Enhancing Self-Healing and Mechanical Robustness through Aluminum Acetylacetonate-Driven Metal-Ligand Coordination for Skin-Inspired Sensing

In the field of advanced materials science, the application of aluminum ions as dynamic metal salt cross-linkers in self-healing polymers has been less prevalent compared to transition or rare earth metal ions, attributable to the relatively modest self-healing and mechanical properties of aluminum ions. Our study introduces an alternative strategy by combining aluminum ions with acetylacetonates (acac^-) as counteranions and integrating a pyridine-capped polyurethane-urea polymer backbone (PTD) and phosphorus-rich small molecules (3N2AP) to develop a composition, Al_ac-3N2AP-PTD. This formulation exhibits phosphorus-based flame retardancy, improved self-healing capabilities, and enhanced mechanical properties. It demonstrates superior performance compared to existing aluminum-based systems and is competitive with traditional transition metal ion-based systems. To elucidate the underlying mechanisms of these enhancements, molecular dynamics (MD) simulations were conducted to examine the coordination dynamics and the effects of counteranions within the polymer network.
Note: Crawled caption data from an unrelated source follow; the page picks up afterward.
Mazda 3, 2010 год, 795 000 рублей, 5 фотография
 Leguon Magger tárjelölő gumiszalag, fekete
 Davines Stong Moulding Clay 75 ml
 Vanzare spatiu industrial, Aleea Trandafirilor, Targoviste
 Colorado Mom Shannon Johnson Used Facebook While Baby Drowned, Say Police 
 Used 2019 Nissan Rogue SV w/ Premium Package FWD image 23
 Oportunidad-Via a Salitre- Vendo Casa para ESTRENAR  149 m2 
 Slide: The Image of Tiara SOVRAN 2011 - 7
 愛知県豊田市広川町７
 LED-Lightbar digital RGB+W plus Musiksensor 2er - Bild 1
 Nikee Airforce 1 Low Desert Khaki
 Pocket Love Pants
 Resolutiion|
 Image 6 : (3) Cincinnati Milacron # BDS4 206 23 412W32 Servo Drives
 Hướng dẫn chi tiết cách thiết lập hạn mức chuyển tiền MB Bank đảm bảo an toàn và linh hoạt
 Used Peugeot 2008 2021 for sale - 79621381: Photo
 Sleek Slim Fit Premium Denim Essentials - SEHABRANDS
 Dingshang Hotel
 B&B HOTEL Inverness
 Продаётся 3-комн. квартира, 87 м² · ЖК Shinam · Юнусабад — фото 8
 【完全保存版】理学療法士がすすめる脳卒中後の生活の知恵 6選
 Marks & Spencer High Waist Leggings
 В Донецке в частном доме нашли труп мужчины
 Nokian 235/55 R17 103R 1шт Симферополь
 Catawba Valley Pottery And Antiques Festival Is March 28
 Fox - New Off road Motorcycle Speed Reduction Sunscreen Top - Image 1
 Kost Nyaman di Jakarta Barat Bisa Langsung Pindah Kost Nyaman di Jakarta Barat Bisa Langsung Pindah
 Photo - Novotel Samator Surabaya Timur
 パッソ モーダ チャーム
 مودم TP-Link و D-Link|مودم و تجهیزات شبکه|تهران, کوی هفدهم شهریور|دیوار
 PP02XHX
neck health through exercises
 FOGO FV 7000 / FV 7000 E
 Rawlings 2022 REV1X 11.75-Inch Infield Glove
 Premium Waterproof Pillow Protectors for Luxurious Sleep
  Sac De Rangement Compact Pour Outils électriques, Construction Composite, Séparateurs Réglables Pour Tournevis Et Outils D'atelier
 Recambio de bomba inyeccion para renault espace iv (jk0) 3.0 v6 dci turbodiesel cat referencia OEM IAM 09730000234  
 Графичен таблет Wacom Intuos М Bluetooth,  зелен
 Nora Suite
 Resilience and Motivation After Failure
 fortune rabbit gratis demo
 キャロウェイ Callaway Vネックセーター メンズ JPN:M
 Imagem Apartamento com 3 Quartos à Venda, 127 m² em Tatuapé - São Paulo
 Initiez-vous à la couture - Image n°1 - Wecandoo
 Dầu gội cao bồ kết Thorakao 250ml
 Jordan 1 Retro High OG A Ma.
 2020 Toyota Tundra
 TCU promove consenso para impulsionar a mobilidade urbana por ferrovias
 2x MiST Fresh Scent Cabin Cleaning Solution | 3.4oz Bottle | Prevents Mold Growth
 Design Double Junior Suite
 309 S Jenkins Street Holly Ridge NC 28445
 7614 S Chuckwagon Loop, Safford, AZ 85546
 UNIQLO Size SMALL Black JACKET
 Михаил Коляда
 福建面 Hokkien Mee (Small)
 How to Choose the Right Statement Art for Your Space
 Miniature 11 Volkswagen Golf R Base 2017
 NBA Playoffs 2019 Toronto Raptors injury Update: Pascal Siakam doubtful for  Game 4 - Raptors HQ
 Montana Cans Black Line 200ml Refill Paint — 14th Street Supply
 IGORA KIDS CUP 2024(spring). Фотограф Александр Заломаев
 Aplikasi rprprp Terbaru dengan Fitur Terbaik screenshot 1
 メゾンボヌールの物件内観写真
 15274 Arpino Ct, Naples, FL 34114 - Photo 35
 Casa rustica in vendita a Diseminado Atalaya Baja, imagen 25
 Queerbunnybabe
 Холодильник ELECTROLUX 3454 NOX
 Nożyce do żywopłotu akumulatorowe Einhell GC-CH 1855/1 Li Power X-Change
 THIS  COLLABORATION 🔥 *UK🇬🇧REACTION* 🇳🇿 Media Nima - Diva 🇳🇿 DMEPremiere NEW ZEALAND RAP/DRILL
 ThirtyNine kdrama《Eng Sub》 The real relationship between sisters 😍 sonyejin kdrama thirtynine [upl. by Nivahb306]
The simulation results indicated longer coordination bond lengths in the system incorporating acac^-, supporting its efficacy and clarifying the mechanisms contributing to the increased self-healing capabilities and mechanical robustness. In our development of a stretchable, self-healing, and conductive composite, we fabricated PPy-Al_ac-0.25-3N2AP-PTD via an electrochemical deposition process. This material acts as an electronic skin (e-skin) strain sensor, exhibiting strain sensitivity while preserving its inherent mechanical and self-healing properties, thus differentiating it from traditional doping methods. The use of acac^- as dynamic counteranions in metal-coordinated polymers represents an advancement in material performance, offering substantial potential for the development of electronic materials.